Travelling home on the Sunday afternoon train I had to remember the words of Scotland’s first Poet Laureate, Edwin Morgan. The combination of a late night out on Friday and an early Saturday morning train, followed by a day in the pub with friends had left me feeling rather fragile; actually, it left me feeling broken. From coffee and then Guinness in Òran Mór, where we were squeezed into the corner of a bench by a group of models having their make-up applied ahead of an assignment; to beers in Coopers and meeting up with the Thistle lads, Colin, Niall and Jonathan; to Firhill and the match; back to Coopers for post-match ales; to outdoor drinking at Jinty McGinty’s; to Tennent’s Bar for a portion of the evening; to somewhere else – Glasgow had defeated me. That football city which Daniel Defoe had claimed as being “the cleanest and beautifullest, and best built city in Britain,London excepted” had once again bested me. But this isn’t about the travel or the beer or even something conventionally beautiful; this about football.

For Glasgow to truly be a football city, which it is in my opinion, then the surface beyond Celtic and Rangers has to be scratched to uncover something more. And what comes after the Old Firm? That’ll be Partick Thistle, formed four years after Rangers and twelve years earlier than Celtic. While the Old Firm have celebrated success-upon-success, their neighbours, who moved from the Partick area of Glasgow to Firhill, a part of Maryhill, in 1909, have rarely scaled such heights. A 1921 Scottish Cup victory over Rangers and a 1971 League Cup victory over Celtic aside, the past has been anything but golden. But where’s the fun in expecting titles and cups year-after-year?

The fantastic Main Stand, opened in 1927, now stands empty, testament to spiralling operating and stewarding costs. Away fans occasionally sit in the North Stand, a structure that hints at certain ineptitude of the SFA. When the stand was opened in 2002 it was required so that ground could reach the 10,000 seater mark required for promotion to the SPL. That figure was only required for a short period of time, dropped down to a 6,000 seater capacity in 2005. Thistle had committed their eggs into that financial basket and when they were relegated in 2004, with Inverness taking their place after being allowed to groundshare with Aberdeen and thus reach the 10,000 capacity needed (this being only two years after Falkirk attempted to groundshare in order to take promotion to the SPL; a move which was blocked by the SFA), Thistle started to plummet. After spending much of the 1980s and 1990s close to bankruptcy, Thistle were once again left cashless, only this time it was largely to do with a stand that should never have been needed and is rarely full.
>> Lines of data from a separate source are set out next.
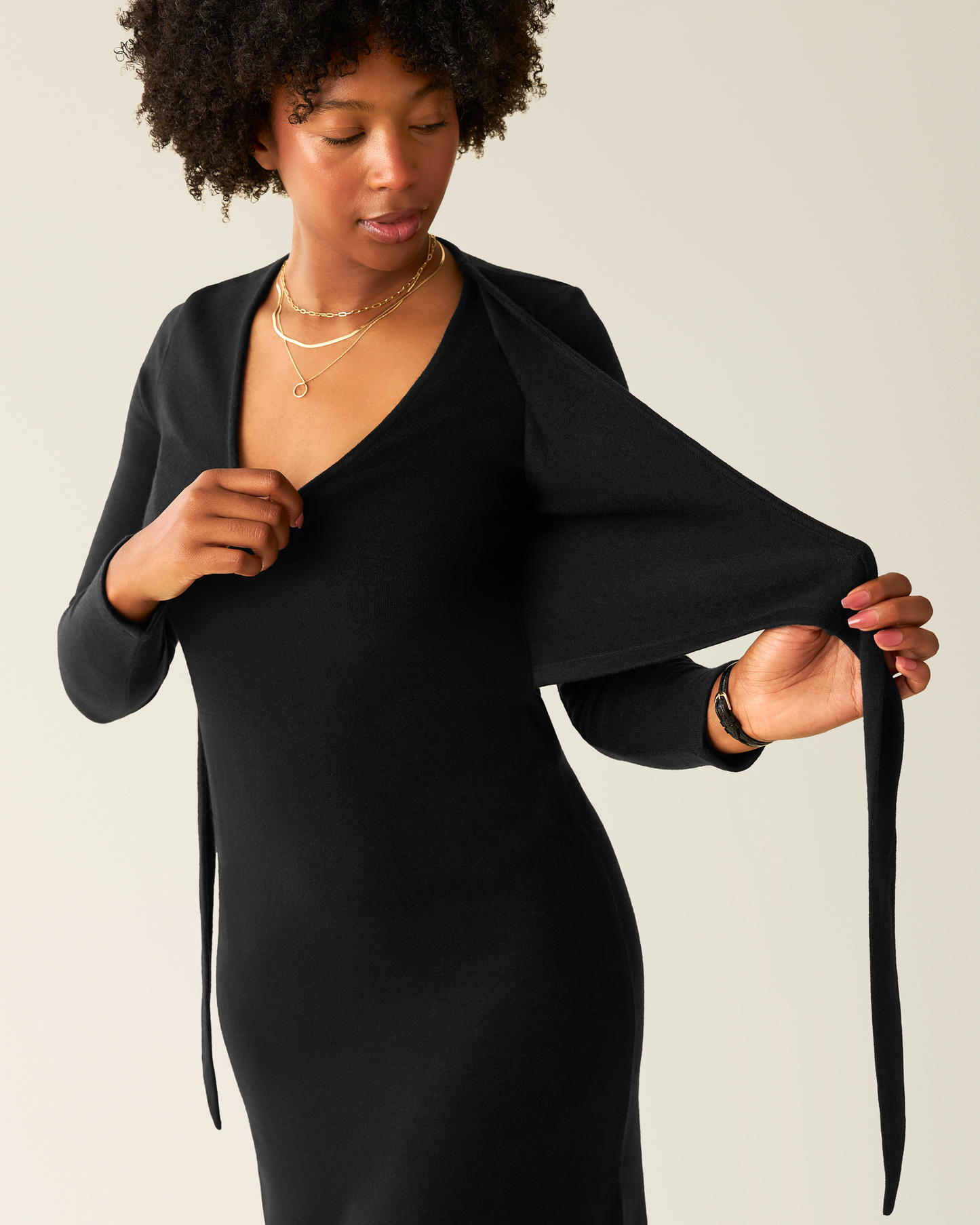 Model wearing Kate Nursing Wrap Sweater Dress in Black, showing nursing access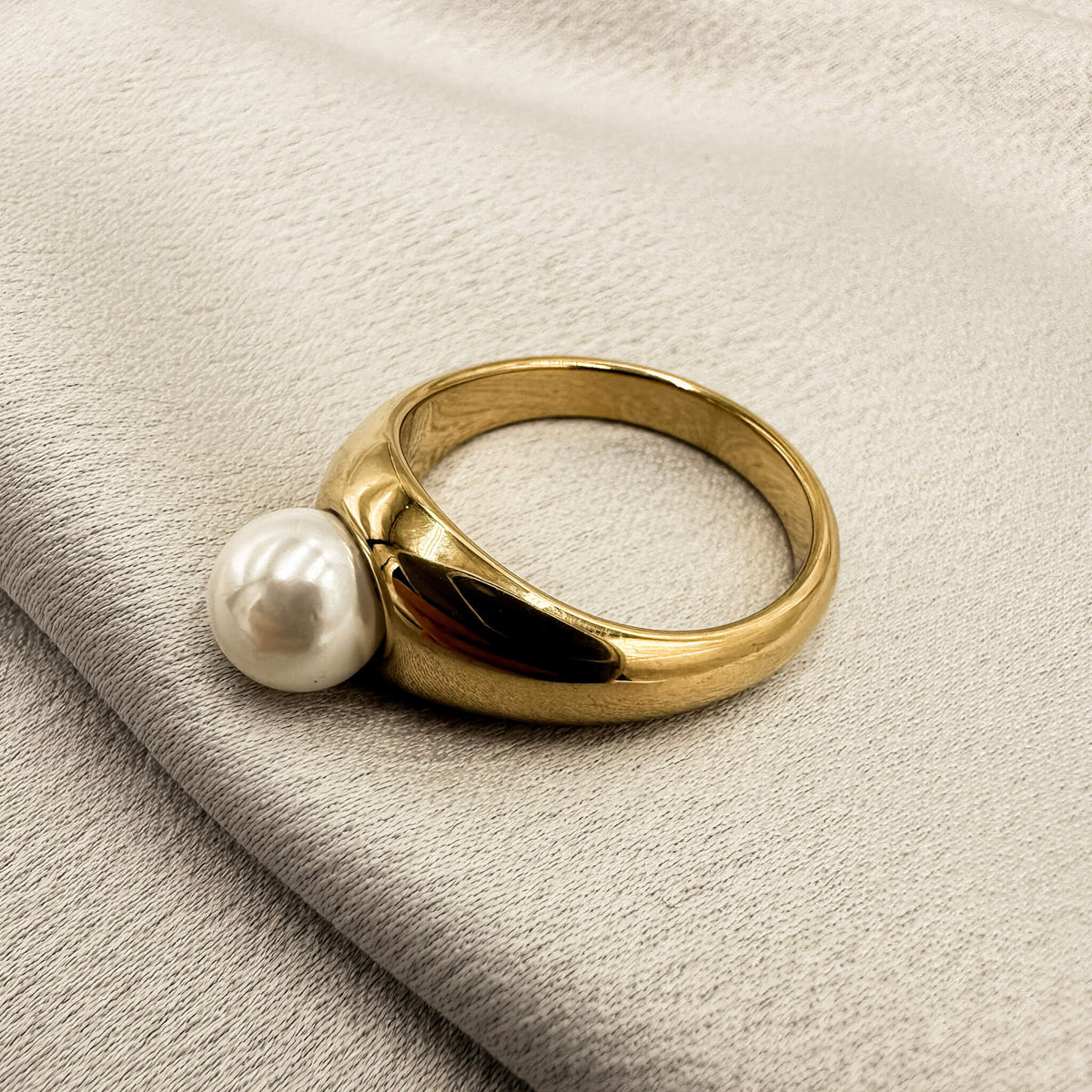 the amara ring is laid flat on a silk surface. the ring has a gold band that is chunky and holds a pearl. 
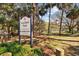 Fred Ball Park sign featuring lush greenery and a glimpse of the expansive park at 2515 S Ysabella Ave, Tampa, FL 33629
Following a match-saving cameo on his debut, Christie Elliott, recently signed from Whitley Bay, who themselves had plucked him from Jarrow FC and the Wearside League only last season, was handed his first start of his professional career. His former manager at Whitley Bay, Ian Chandler, had earlier told me that Christie “could be as good as he wants to be. He could easily play in the [English] Championship; he’s very, very quick; direct; two great feet. He’ll be huge in Scotland”. And after struggling to adjust to the pace of an error strewn game, it was Elliott who proved to be the difference for Partick once again. With five minutes remaining, and the crowd of just over 2,000 expecting the draw, a David Rowson cross was played back into the path of Elliott who stroked the ball into the bottom corner to lift The Jags three points clear of The Doonhamers at the bottom of the table.

Elliott had also played a part in the opening goal when, after 19 minutes, he chased Lee Robinson, the visiting ‘keeper, down and deflected the ball into the path of Kris Doolan to score. The visitors responded on the hour mark with their equaliser, which owed more to an error by the home ‘keeper, Scott Fox, than the quality of play. A long cross was played to the edge of the box and Fox was nowhere near collecting the ball when Mark Campbell flicked the ball into the net. Luckily the late goal by the lad who was playing English Level 11 football only months ago, made the difference in this Scottish First Division match.

Andy Hudson

*Might not be true.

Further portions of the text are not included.